RECORD EXCERPTS:

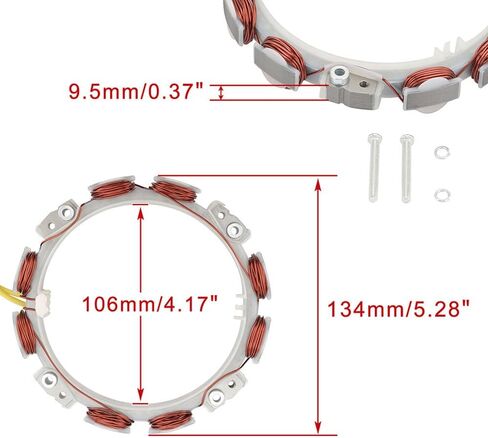 1 Pcs Charging Coil And Alternator Stator Assembly for V-Twin Engine 16HP-23HP 846882 295347 305447 356447 in Saudi Arabia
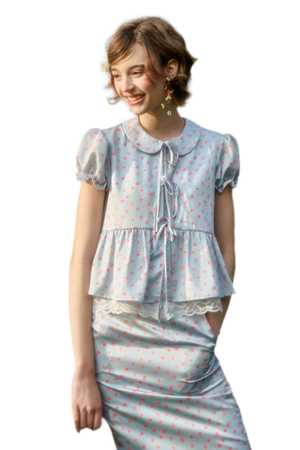Soft Misty Blue Top / S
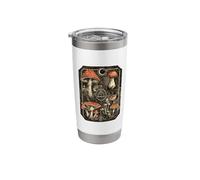 Red Mushroom Art Moon Phase Forest Witch Gothic Stainless Steel Insulated Tumbler
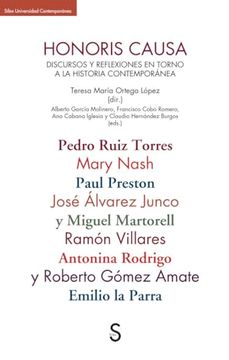 portada Honoris Causa: Discursos y Reflexiones en Torno a la Historia Contemporánea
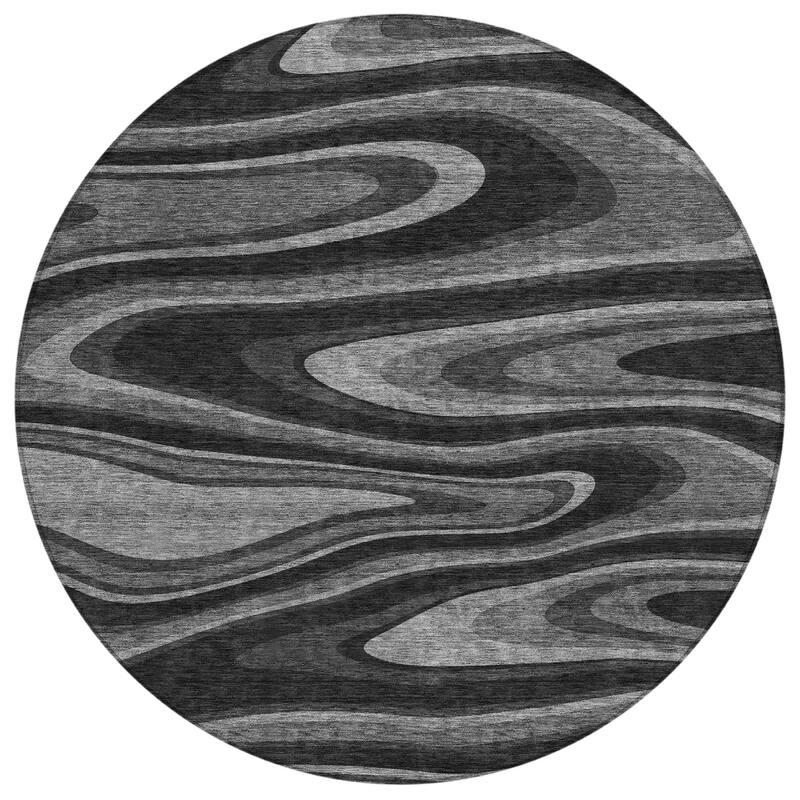 Machine Washable Indoor/ Outdoor Abstract Busey Chantille Rug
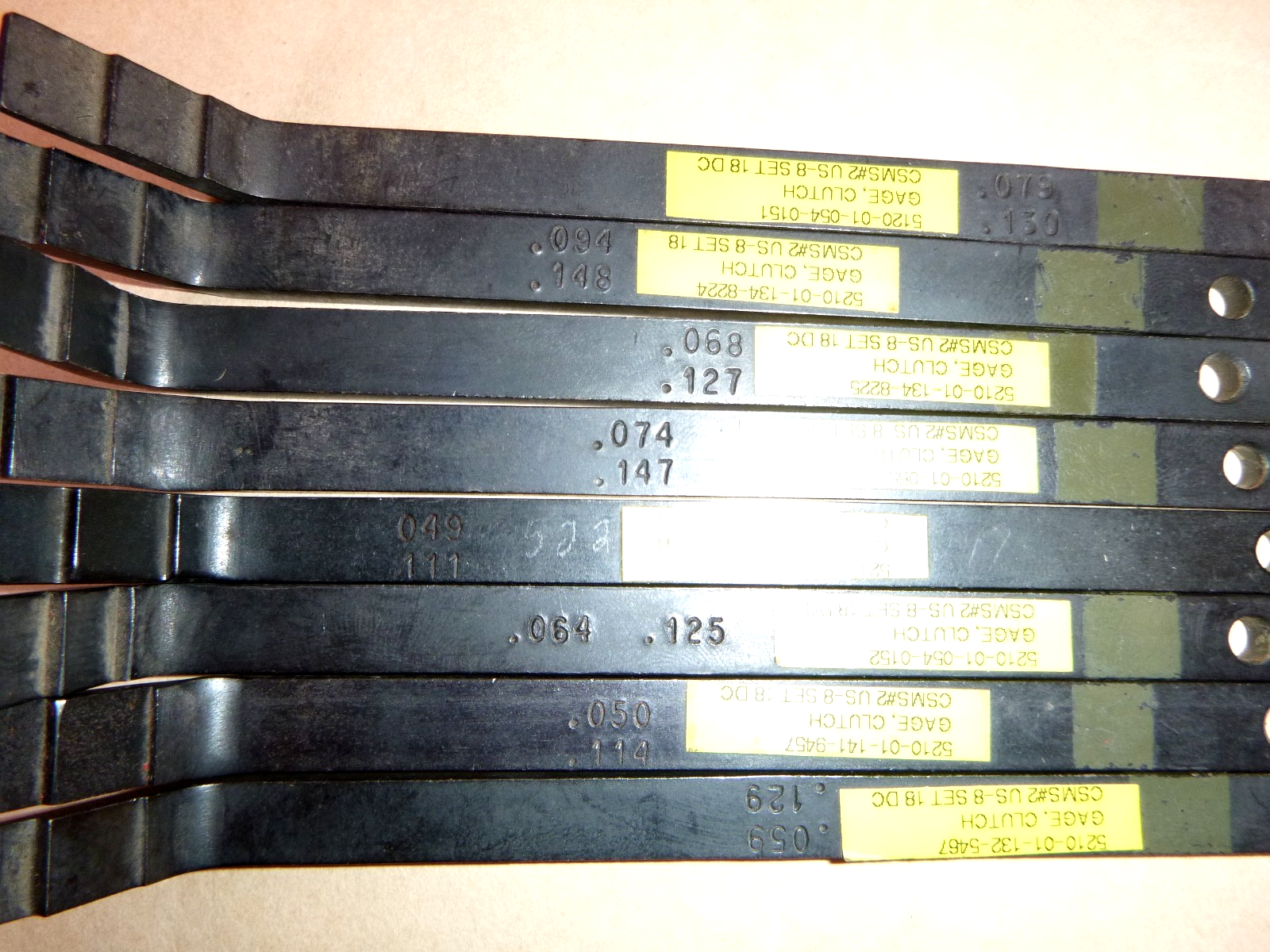 (Lot of 8) Kent Moore Tools Clutch Pack Clearance Gauge Assortment For Allison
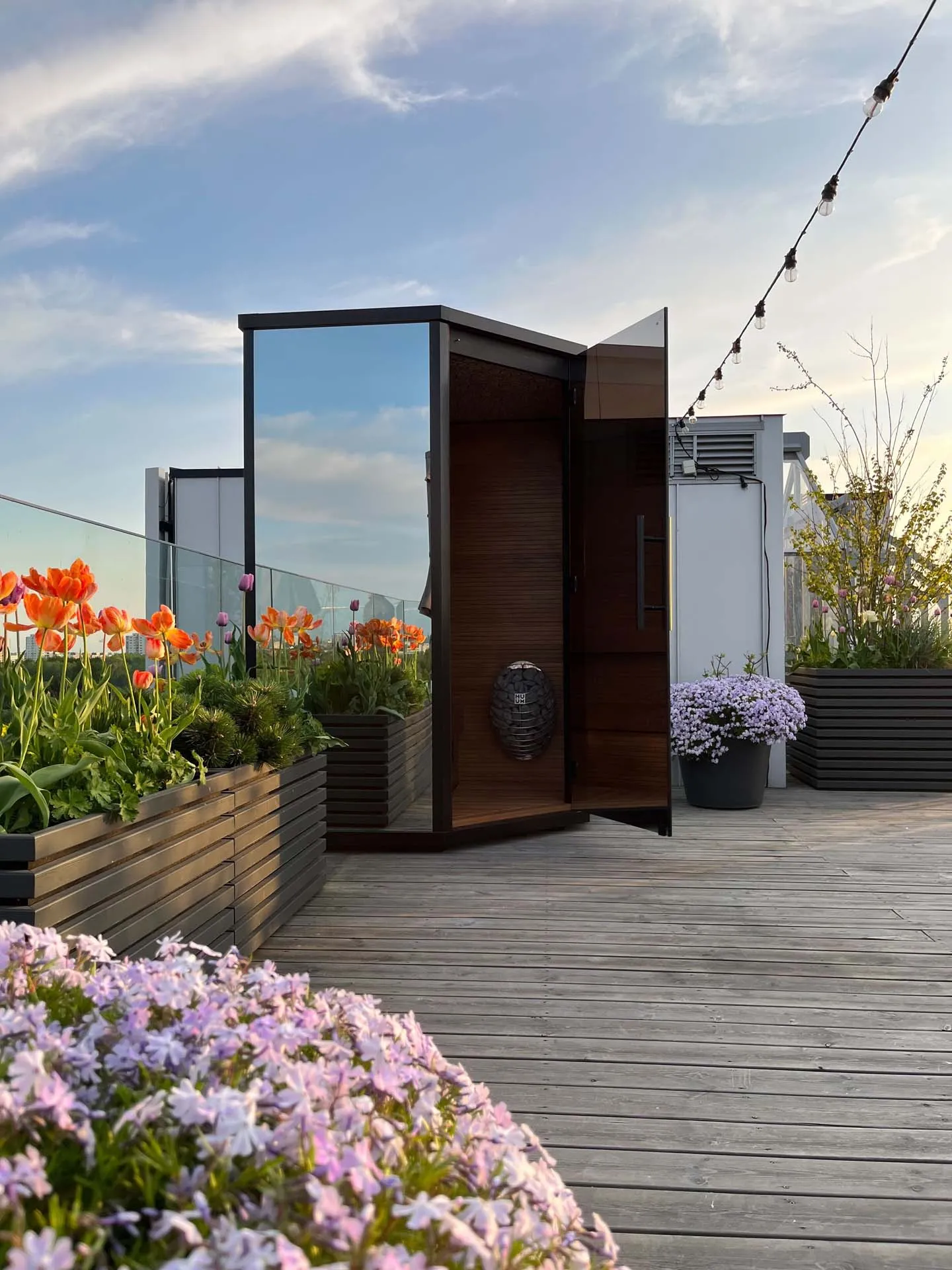 Haljas Hele Mini Glass Sauna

PROBLEM TO SOLVE:
Exact copies of the lines from the one containing "(Lot of 8) Kent" through the final line of the data are required; pictures are to be omitted.

WRITTEN ANSWER:
 (Lot of 8) Kent Moore Tools Clutch Pack Clearance Gauge Assortment For Allison
 Haljas Hele Mini Glass Sauna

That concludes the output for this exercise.